A first voltage divider 26, powered by the input voltage, is connected to provide a reference voltage at the noninverting input terminal of the operational amplifier U1. This reference voltage is less than but varies directly with the input voltage. For proper circuit operation, this reference voltage should be at least two volts lower than the input voltage.

Voltage divider 26 includes a conductor path which is herein referred to as the second conductor path. It includes in series a first junction 30 in the primary conductor path 16, a resistor R1, a second junction 32, a resistor R2, and a ground connection. A conductor path, herein referred to as the third conductor path, connects junction 32 to the terminal 3.

The +V terminal 7 of the operational amplifier U1 is connected to input voltage. The -V terminal 4 is connected to ground. Thus, the entire circuit is powered by a single power source.

In the illustrated example, the current level establishing means 20 comprises a resistor R3 connected in series between the input terminal 12 and the input to the shutoff circuitry. The value of resistor R3 determines the current pass limit of the circuit. Resistor R3 samples the current passing through the circuit and establishes the emitter voltage for a series pass transistor Q1. A second voltage divider applies a fraction of this emitter voltage to the operational amplifier's inverting input terminal 2.

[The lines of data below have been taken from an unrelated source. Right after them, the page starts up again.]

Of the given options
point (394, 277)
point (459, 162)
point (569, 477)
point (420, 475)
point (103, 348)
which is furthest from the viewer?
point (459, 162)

A conductor path 36, herein termed the fourth conductor path, extends from the output terminal 6 of the operational amplifier U1 to the base of transistor Q2.

The second voltage divider comprises a fifth conductive path 38, including a third junction 40 in the primary conductor path 16, located between resistor R3 and the emitter of transistor Q1. The second voltage divider also includes a fifth resistor R5, a fourth junction 42, a sixth resistor R6, and a ground connection. A sixth conductor path 44 extends from the junction 42 to the inverting input terminal 2 of the operational amplifier U1.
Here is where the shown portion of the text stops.